全景成对畸变图
Panoptic Pairwise Distortion Graph
April 13, 2026
作者: Muhammad Kamran Janjua, Abdul Wahab, Bahador Rashidi
cs.AI
摘要
本研究提出了一种比较式图像质量评估的新视角,通过将图像对表征为区域化结构化组合。与现有方法侧重于整体图像分析而隐式依赖区域级理解不同,我们将场景图的概念从图像内拓展至图像间,并提出"失真图"这一创新任务。失真图将配对图像视为基于区域的结构化拓扑,以紧凑可解释的图结构呈现失真类型、严重程度、对比关系和质量分数等密集退化信息。为实现失真图学习任务,我们贡献了:(i)区域级数据集PandaSet;(ii)具有不同区域级难度的基准测试集PandaBench;(iii)用于生成失真图的高效架构Panda。实验表明,当前最先进的多模态大语言模型即使获得显式区域提示,仍难以理解区域级退化现象,说明PandaBench构成了重大挑战。
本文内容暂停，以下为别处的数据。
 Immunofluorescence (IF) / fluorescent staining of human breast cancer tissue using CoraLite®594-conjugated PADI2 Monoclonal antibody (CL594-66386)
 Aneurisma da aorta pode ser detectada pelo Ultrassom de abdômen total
我们证明,通过PandaSet训练或采用失真图提示能激发模型对区域化失真的理解,为细粒度结构化图像对评估开辟了新方向。
English
In this work, we introduce a new perspective on comparative image assessment by representing an image pair as a structured composition of its regions. In contrast, existing methods focus on whole image analysis, while implicitly relying on region-level understanding. We extend the intra-image notion of a scene graph to inter-image, and propose a novel task of Distortion Graph (DG). DG treats paired images as a structured topology grounded in regions, and represents dense degradation information such as distortion type, severity, comparison and quality score in a compact interpretable graph structure. To realize the task of learning a distortion graph, we contribute (i) a region-level dataset, PandaSet, (ii) a benchmark suite, PandaBench, with varying region-level difficulty, and (iii) an efficient architecture, Panda, to generate distortion graphs. We demonstrate that PandaBench poses a significant challenge for state-of-the-art multimodal large language models (MLLMs) as they fail to understand region-level degradations even when fed with explicit region cues. We show that training on PandaSet or prompting with DG elicits region-wise distortion understanding, opening a new direction for fine-grained, structured pairwise image assessment.